ASSIGNMENT.
Any picture among the records should be left out, please; retype the rest exactly.

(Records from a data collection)
=== Section Start ===
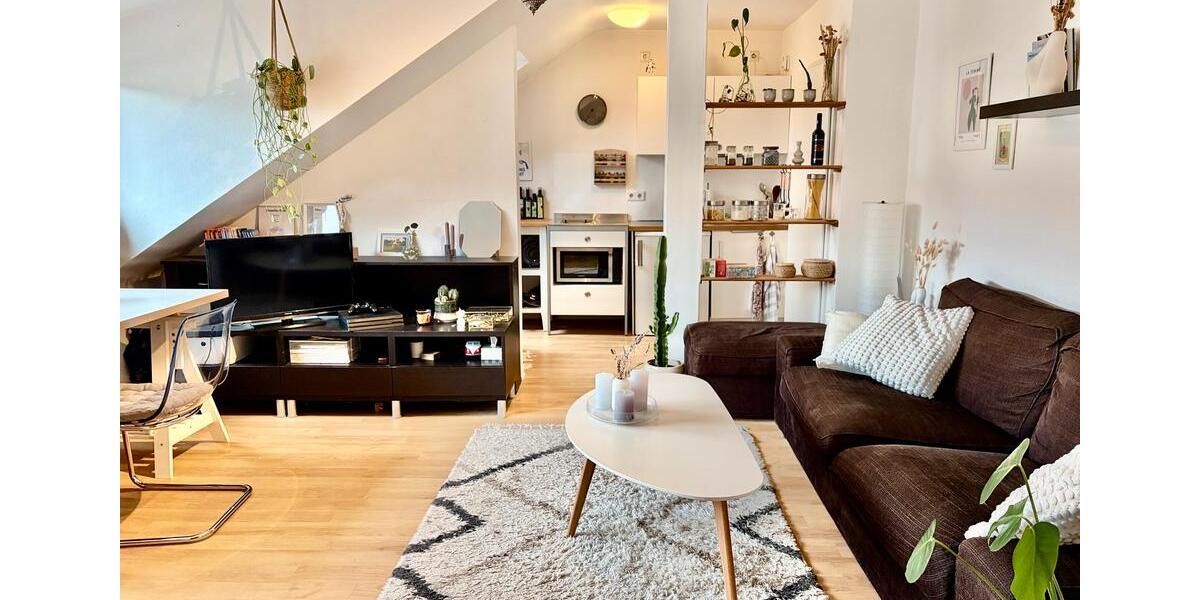 Dachgeschoßwohnung Düsseldorf Stadtbezirk 9 - 1 Zimmer, 33 m&sup2;, 460&euro; | Angebot:26153548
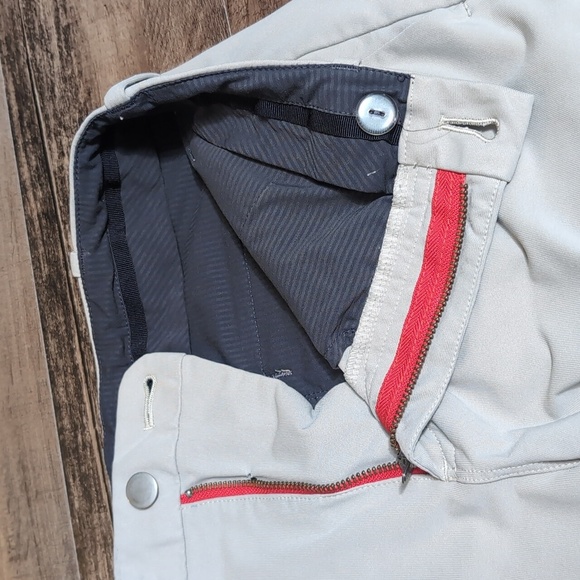 Lululemon Athletica Flat Front Khaki Five Pocket Stretch Fabric Shorts 32x11" - Picture 7 of 9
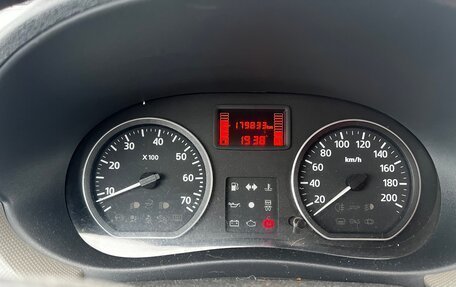 Renault Logan I, 2010 год, 360 000 рублей, 10 фотография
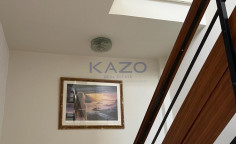 Spacious three bedroom upper house apartment 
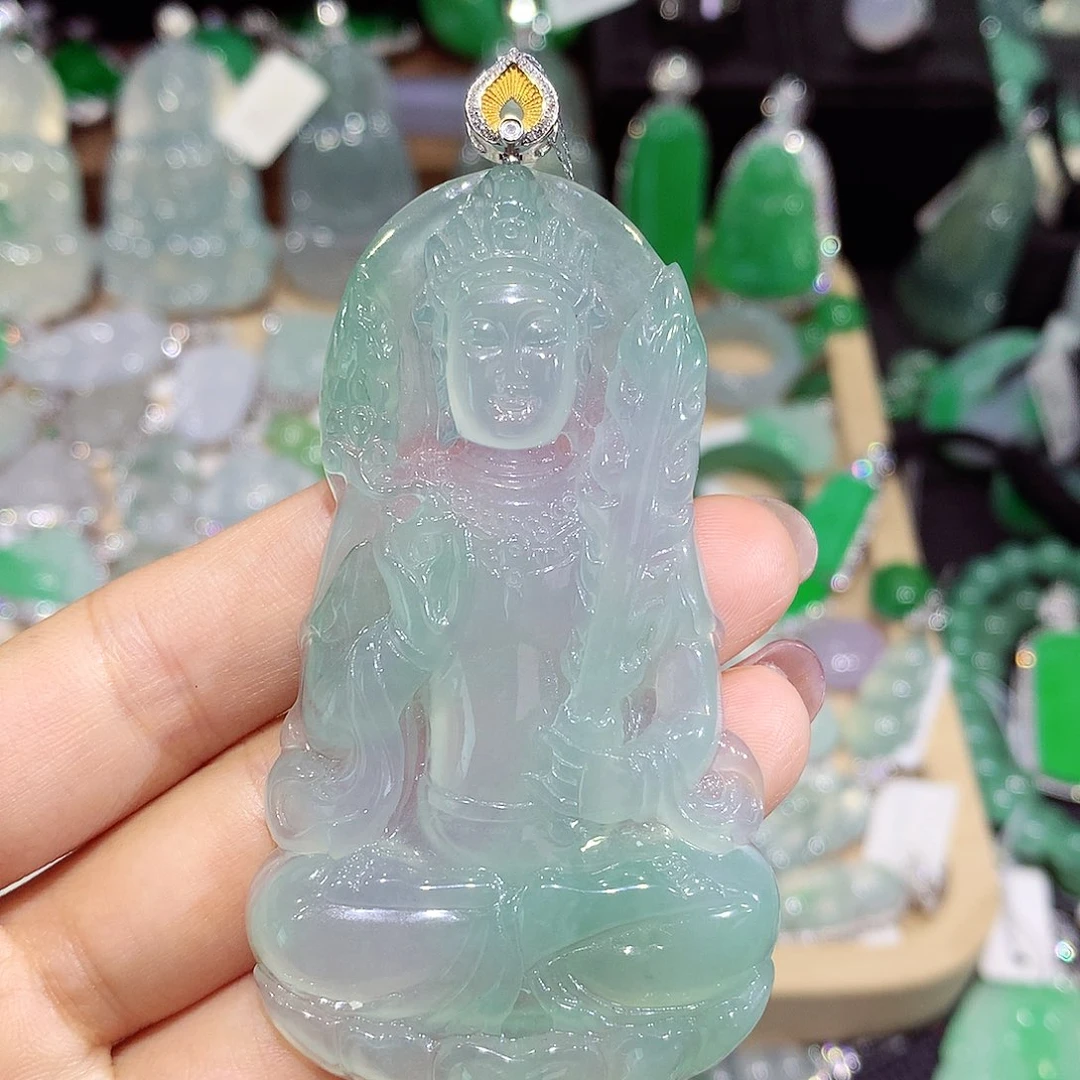颈饰18K金镶嵌翡翠虚空藏
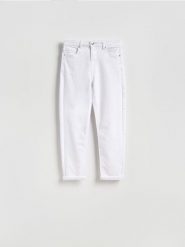 Jeansy boyfriend slim - biały. Białe jeansy damskie Reserved, bez wzorów, z bawełny. Za 129.99 zł.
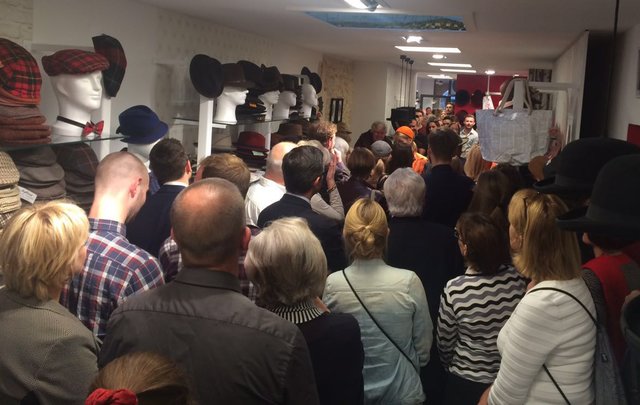 Lange Schlangen beim Opening. | Foto: oh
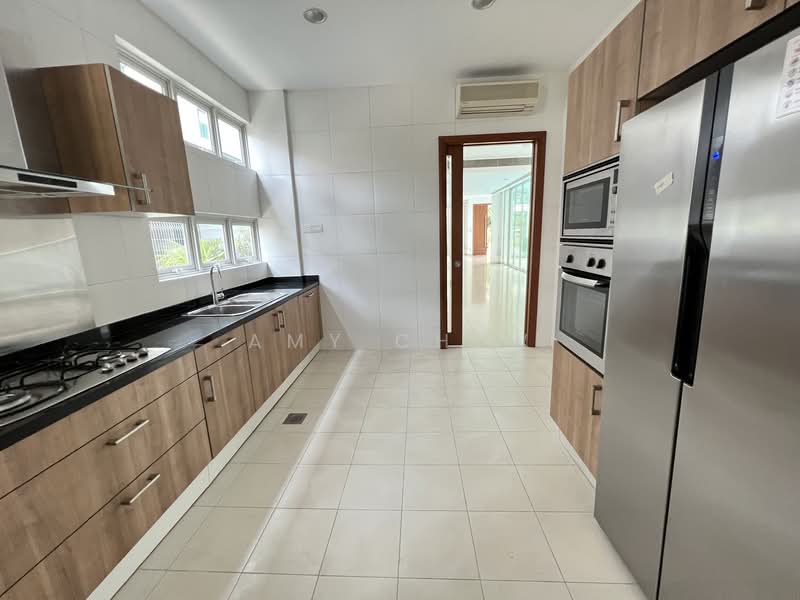 3 Lovely Detached Homes available -See all 3, Hassle- Free, Cotswold Close, 7 Bedrooms, 5,700 sqft, Detached House For Rent, by Amy Chew, 24879454 - PropertyGuru.com.sg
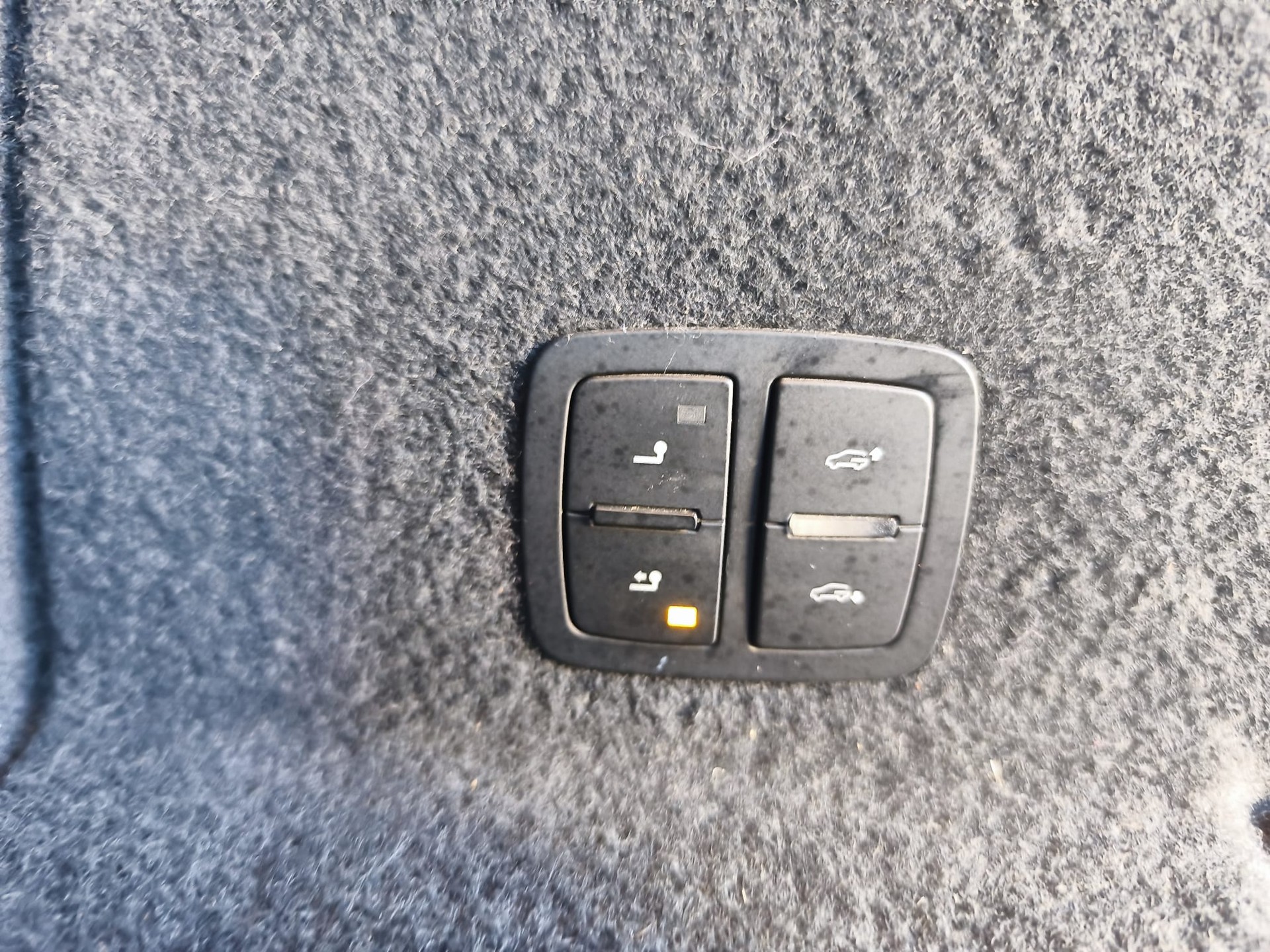 AUDI Q7 3.0 TDI quattro tiptronic-image-16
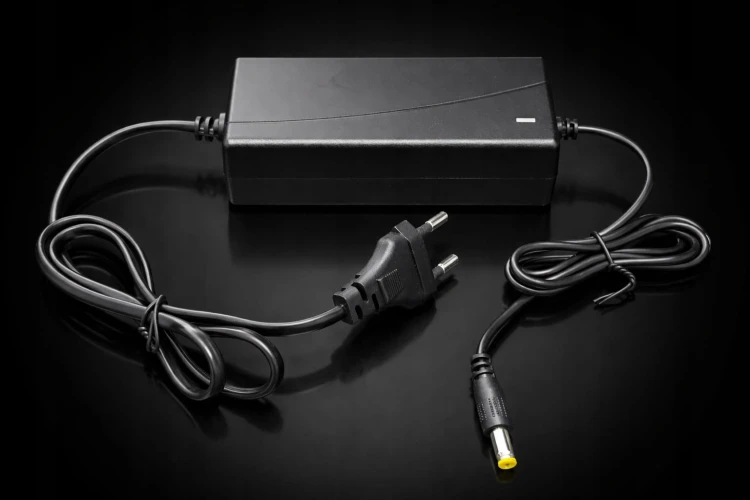 DMUCHAWA-AKUMULATOROWA-turbo-lisci-sniegu-ogrodowa-ELEKTRYCZNA-MP0084-EAN-GTIN-5904553384394.jpeg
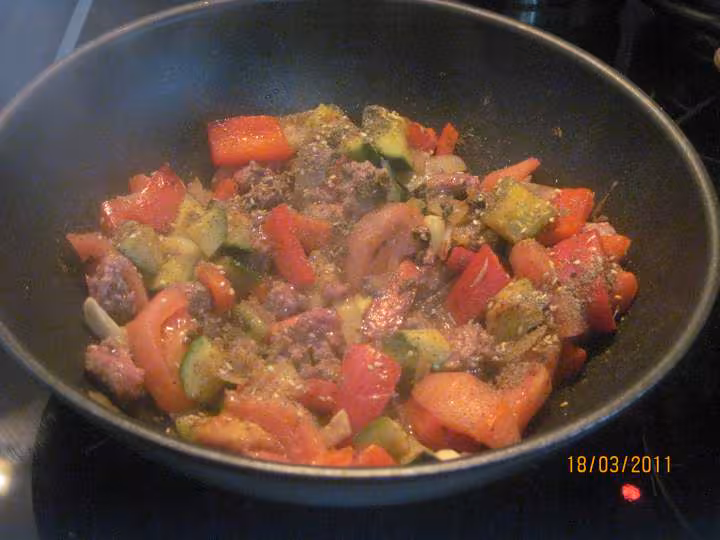 Couronne de tagliatelle aux legumes et viande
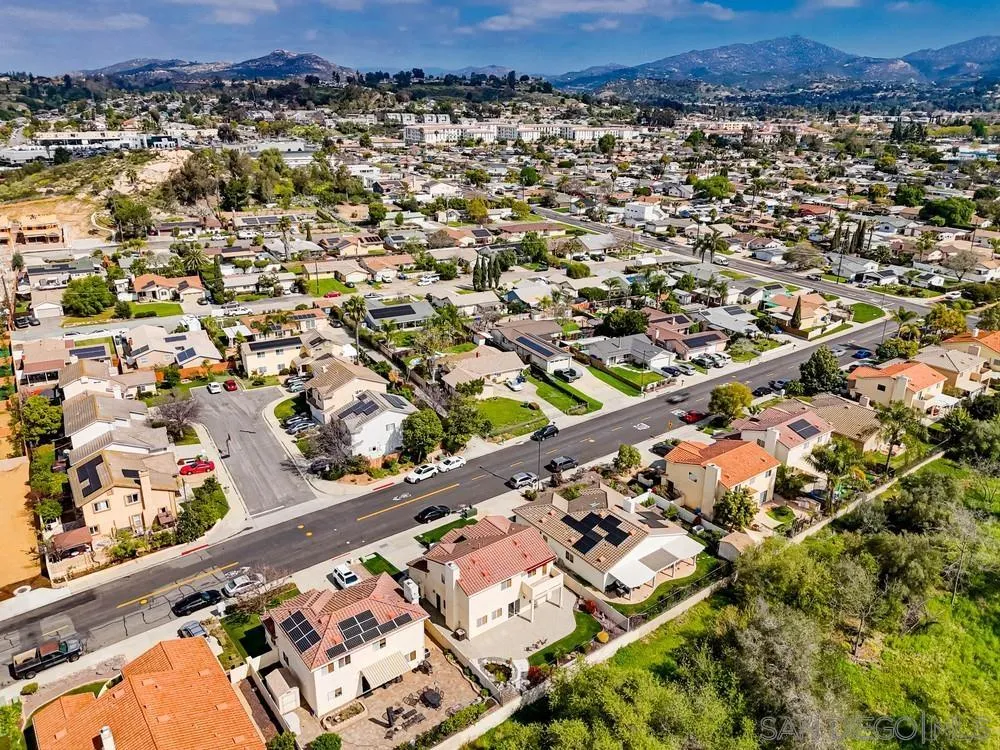 https://cdn.realtyfeed.com/cdn/127/260005141/3a61744fe7a0d235c9498a00901f96f6.webp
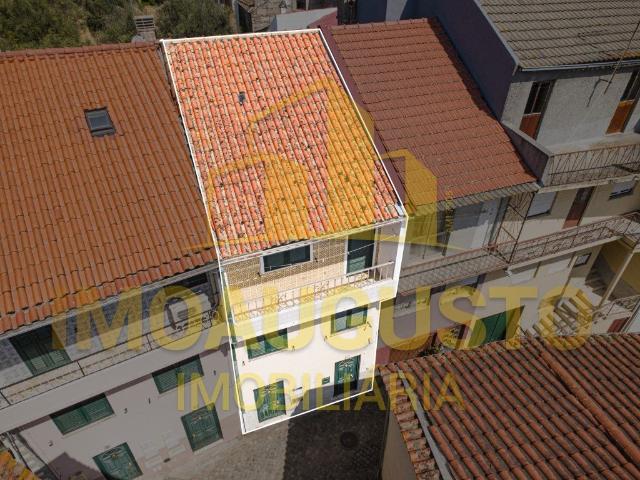 Moradia T3 98m² Arcozelo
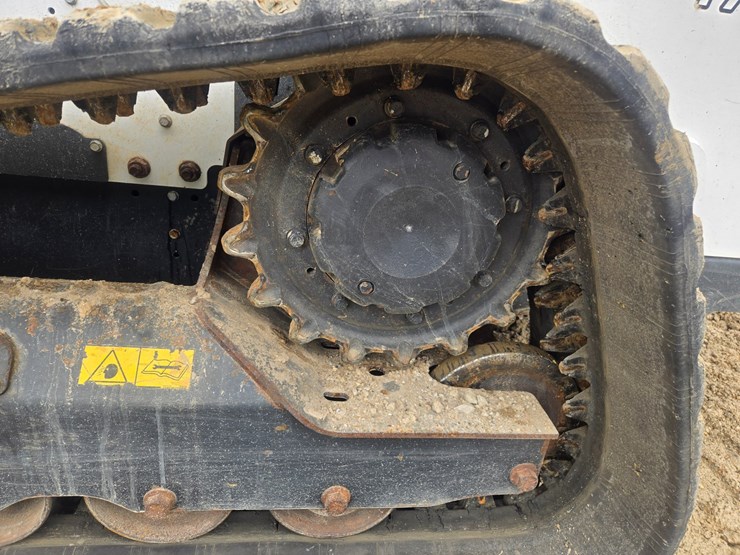 2023-bobcat-t770-image-49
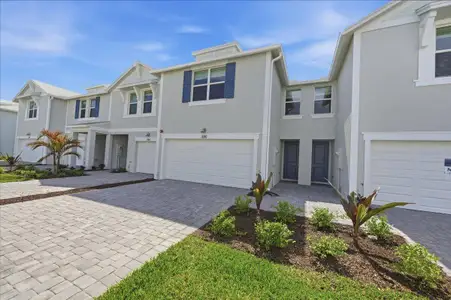 New construction Townhouse house 590 Salisbury Circle Ft, Fort Pierce, FL 34982 - image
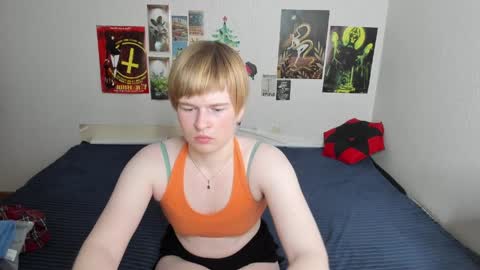 cattie_w_ online show from 04/01/26, 01:17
=== Section End ===
SOLUTION FOR THIS TASK.
 Dachgeschoßwohnung Düsseldorf Stadtbezirk 9 - 1 Zimmer, 33 m&sup2;, 460&euro; | Angebot:26153548
 Lululemon Athletica Flat Front Khaki Five Pocket Stretch Fabric Shorts 32x11" - Picture 7 of 9
 Renault Logan I, 2010 год, 360 000 рублей, 10 фотография
 Spacious three bedroom upper house apartment 
颈饰18K金镶嵌翡翠虚空藏
 Jeansy boyfriend slim - biały. Białe jeansy damskie Reserved, bez wzorów, z bawełny. Za 129.99 zł.
 Lange Schlangen beim Opening. | Foto: oh
 3 Lovely Detached Homes available -See all 3, Hassle- Free, Cotswold Close, 7 Bedrooms, 5,700 sqft, Detached House For Rent, by Amy Chew, 24879454 - PropertyGuru.com.sg
 AUDI Q7 3.0 TDI quattro tiptronic-image-16
 DMUCHAWA-AKUMULATOROWA-turbo-lisci-sniegu-ogrodowa-ELEKTRYCZNA-MP0084-EAN-GTIN-5904553384394.jpeg
 Couronne de tagliatelle aux legumes et viande
 https://cdn.realtyfeed.com/cdn/127/260005141/3a61744fe7a0d235c9498a00901f96f6.webp
 Moradia T3 98m² Arcozelo
 2023-bobcat-t770-image-49
 New construction Townhouse house 590 Salisbury Circle Ft, Fort Pierce, FL 34982 - image
 cattie_w_ online show from 04/01/26, 01:17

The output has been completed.